July 6, 2011 | Polish
Polish Grammar Strikes Again, and Again
I am combination laughing-crying.
In Polish, I have just learned that men get their own plural personal pronouns, but women and things, such as bananas, share one. (I hope I am getting that right; I am pretty much non-stop confused these days.)
At least that is true for some grammatical cases. I don’t know about all, and I have a long way to go.
Bananas May Be Masculine in Polish, But They Are Grammatically Unlike Men
But just for example, if you wanted to say, “I eat them,” with “them” referring to bananas (“banana” is a masculine noun in Polish), I gather that for “them,” you would use the accusative pronoun je, pronounced roughly yay.
If you wanted to say, “I visited them,” with “them” referring to women, you would also use je to mean “them.”
If you wanted to say, “Jack greets them,” with “them” referring to men, you would—if I am not confused, which I can’t guarantee—use the word ich.

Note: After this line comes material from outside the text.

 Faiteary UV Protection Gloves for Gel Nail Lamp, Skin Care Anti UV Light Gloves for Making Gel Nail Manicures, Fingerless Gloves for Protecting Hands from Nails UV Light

I keep encountering this issue with different grammatical concepts in Polish—i.e., that there is a difference between how you treat men grammatically in comparison with (1) masculine nouns that are alive but not men (such as animals), (2) masculine nouns that are inanimate, and—naturally—(3) female and neuter nouns. There are special units and sections and subsections devoted to all the special forms I need to know based on how, um, manly something is. Or isn’t.
The amount of time I have spent reading about man-specific noun and pronoun and adjective forms makes me feel a little bit as though I am bringing a guy who is lounging in an easy chair a newspaper, a cognac, and a pair of pre-heated slippers. It seems like an awful lot of grammatical attention to give just to men!
It is funny because the number of forms is so dizzying, and mystifying because I have to categorize things in ways I am still not used to. I saw this type of thing in Russian (another Slavic language), but I honestly do not recall its being quite this complicated.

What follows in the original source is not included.